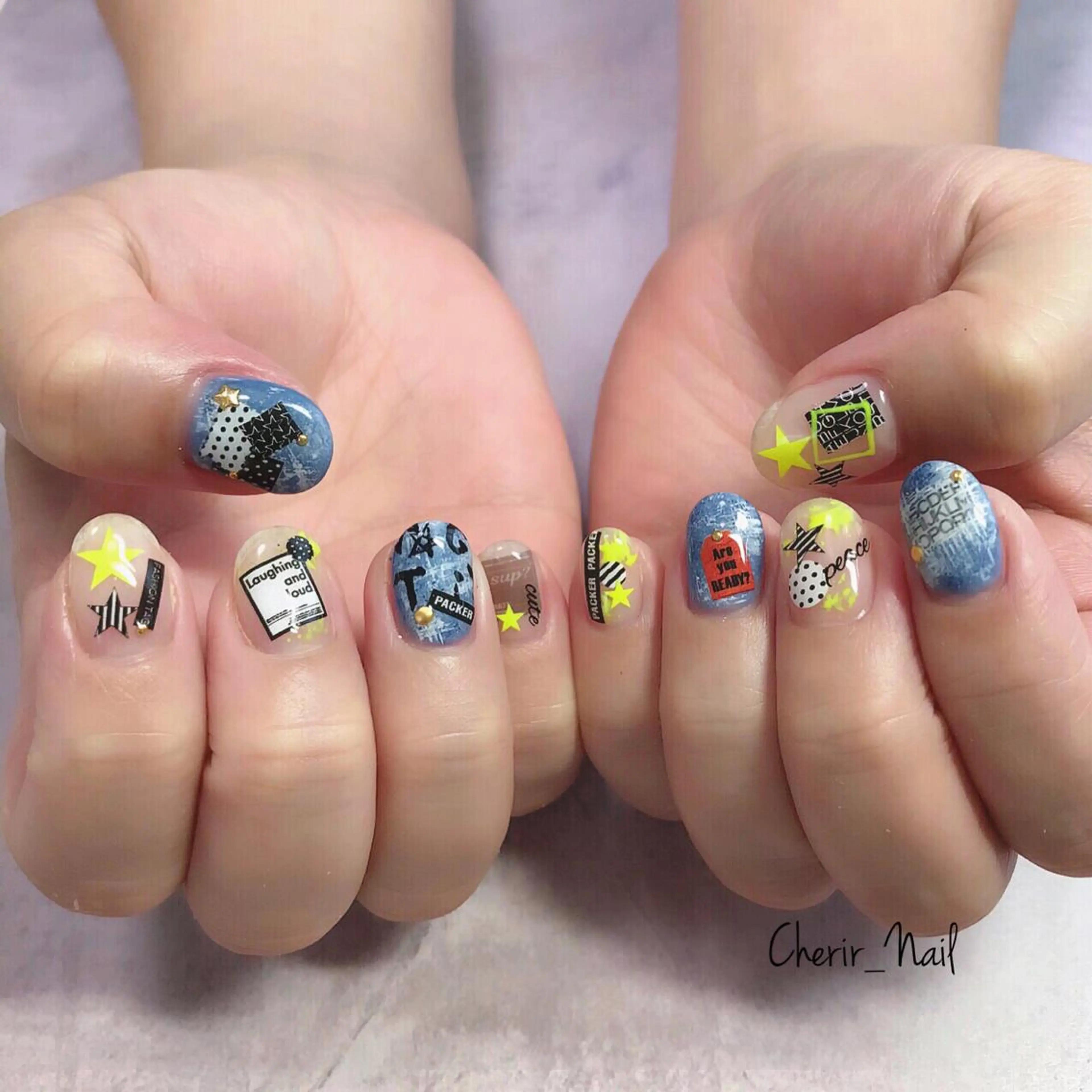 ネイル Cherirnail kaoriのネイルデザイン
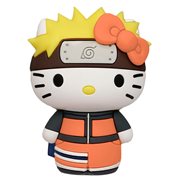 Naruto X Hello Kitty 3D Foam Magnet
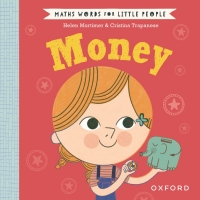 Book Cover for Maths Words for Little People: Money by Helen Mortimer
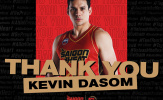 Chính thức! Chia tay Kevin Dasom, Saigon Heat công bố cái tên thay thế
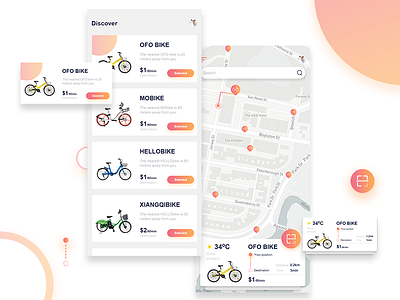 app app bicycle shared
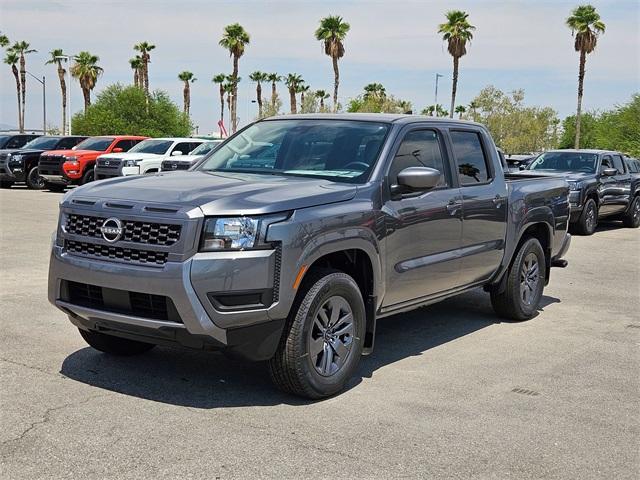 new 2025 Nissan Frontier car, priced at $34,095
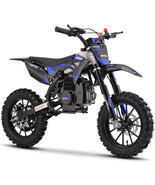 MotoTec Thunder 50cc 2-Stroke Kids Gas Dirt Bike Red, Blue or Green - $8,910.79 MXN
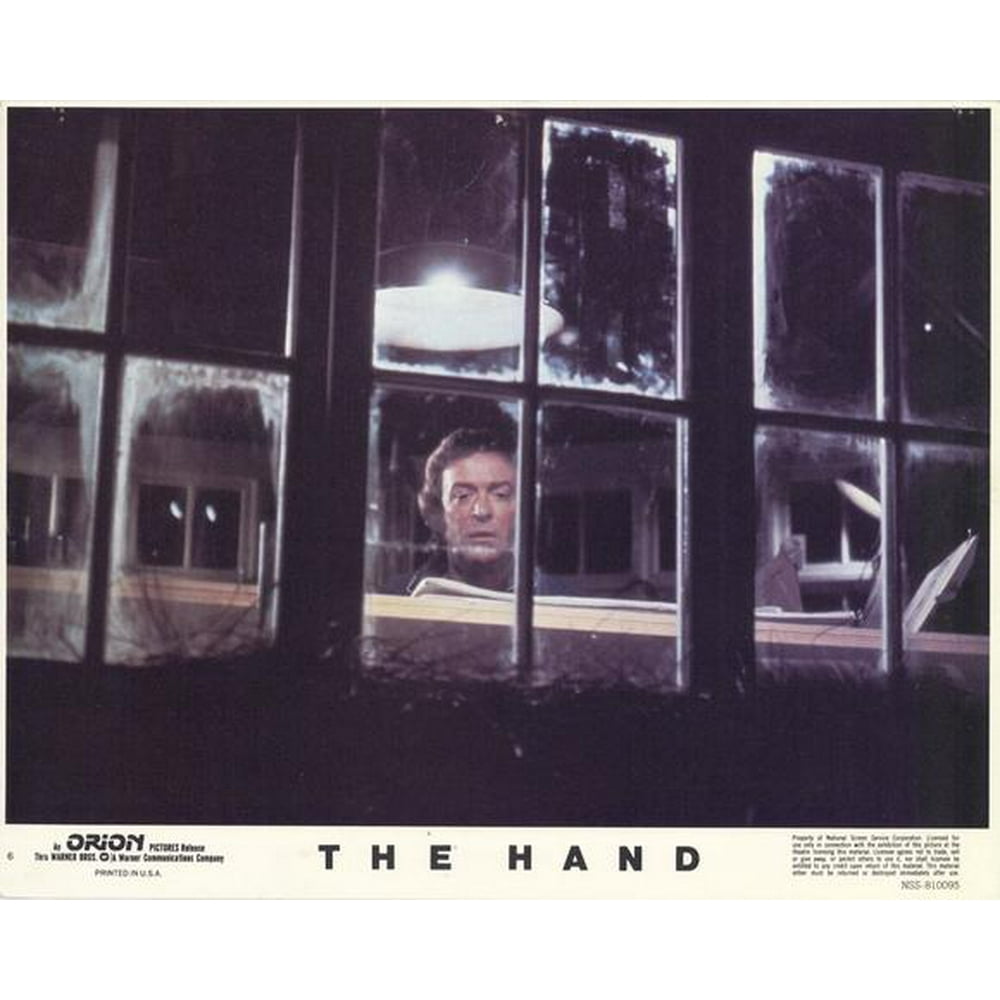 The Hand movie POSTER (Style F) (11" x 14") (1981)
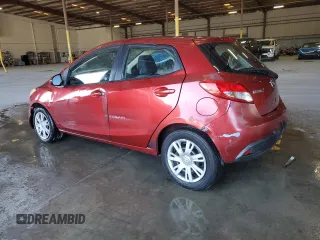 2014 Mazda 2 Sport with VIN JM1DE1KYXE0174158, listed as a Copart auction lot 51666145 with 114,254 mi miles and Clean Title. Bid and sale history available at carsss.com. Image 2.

--

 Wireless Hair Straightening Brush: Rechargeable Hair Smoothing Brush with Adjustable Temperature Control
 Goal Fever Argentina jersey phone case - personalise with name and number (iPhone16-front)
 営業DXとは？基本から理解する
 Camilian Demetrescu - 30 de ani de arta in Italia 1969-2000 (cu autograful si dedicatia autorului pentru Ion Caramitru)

==

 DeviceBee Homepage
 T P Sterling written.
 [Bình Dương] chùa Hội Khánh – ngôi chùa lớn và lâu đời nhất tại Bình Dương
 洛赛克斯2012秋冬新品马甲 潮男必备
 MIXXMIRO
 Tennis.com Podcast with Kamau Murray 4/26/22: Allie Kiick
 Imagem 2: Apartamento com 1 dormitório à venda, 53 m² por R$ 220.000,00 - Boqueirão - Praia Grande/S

### What you are asked to do:
What do the lines above say from the one containing "Tennis.com Podcast with" down to the one containing "Imagem 2: Apartamento"? Return them exactly, both end lines included, and only them.

### Your response:
 Tennis.com Podcast with Kamau Murray 4/26/22: Allie Kiick
 Imagem 2: Apartamento com 1 dormitório à venda, 53 m² por R$ 220.000,00 - Boqueirão - Praia Grande/S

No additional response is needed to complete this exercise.